I recall it was the late Prof. Jocano, foremost anthropologist, who stirred my feelings of pride and glory about my country, the Philippines. “The mummies of Mountain Province are evidence of the advanced state of knowledge in organic/inorganic chemistry, concepts of the soul and afterlife, community organization, etc. How come only the Egyptian mummies are mentioned in history? We have such an advanced civilization, like Egypt!”
Years later, National Geographic featured the mummies that Prof Jocano lectured about.There were others we learned: our own alphabet, our seafaring ancestors and maritime skills, etc.

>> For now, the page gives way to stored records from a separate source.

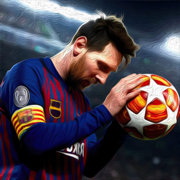 Football 2023 - Soccer Games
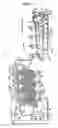 Fig. 05 - Image forming device including a cleaning device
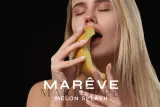 Сменный блок для диффузора MAREVE Melon Splash дыня — фото 7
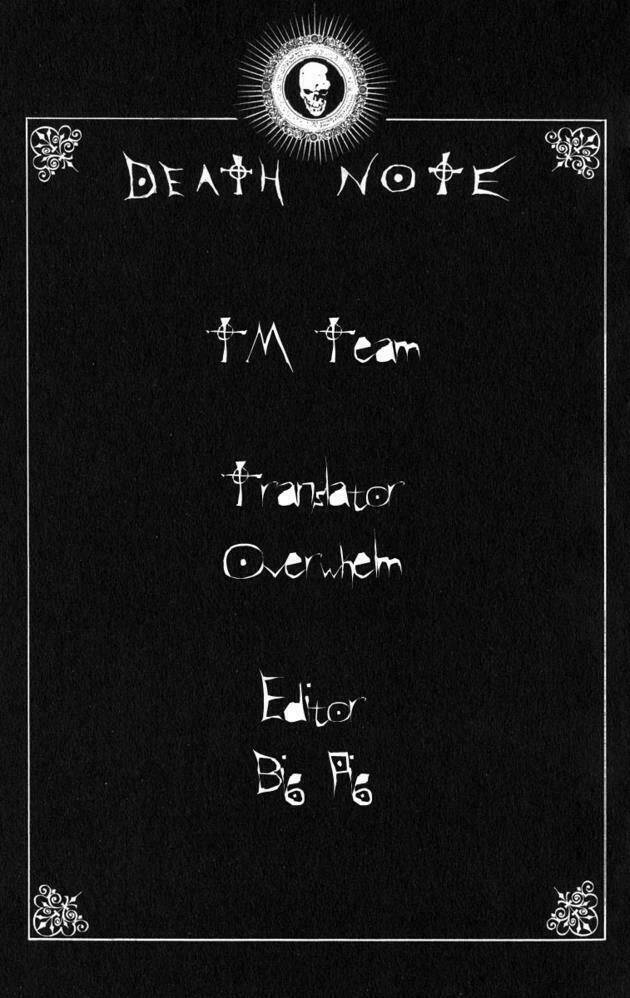 Cuốn Sổ Thiên Mệnh Chapter 62 - Trang 2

Back to Japan in 1978. Did I feel small and intimidated when grouped with trainees from Turkey, Iran, and Thailand among others? We have our own ADVANCED CIVILIZATION, was what I reminded myself. I stood TALL, in spite of my height. I spoke the best English and I showed my command of carbon-iron metallurgical theory.
When our Japanese lecturer mentioned Turkdogan, the Turkish delegate bragged to us that Turkdogan was a Turkish icon. What did the Philippines contribute to steelmaking? I HAD NO ANSWER, but I did not feel small. We have an advanced civilization, remember?
Never again would I look down on my country, on our country! Never again!
(Daniel T. Saracin was a National State Scholar of the Philippine government for the degree of Chemical Engineering. He finished his MBA at the Asian Institute of Management.)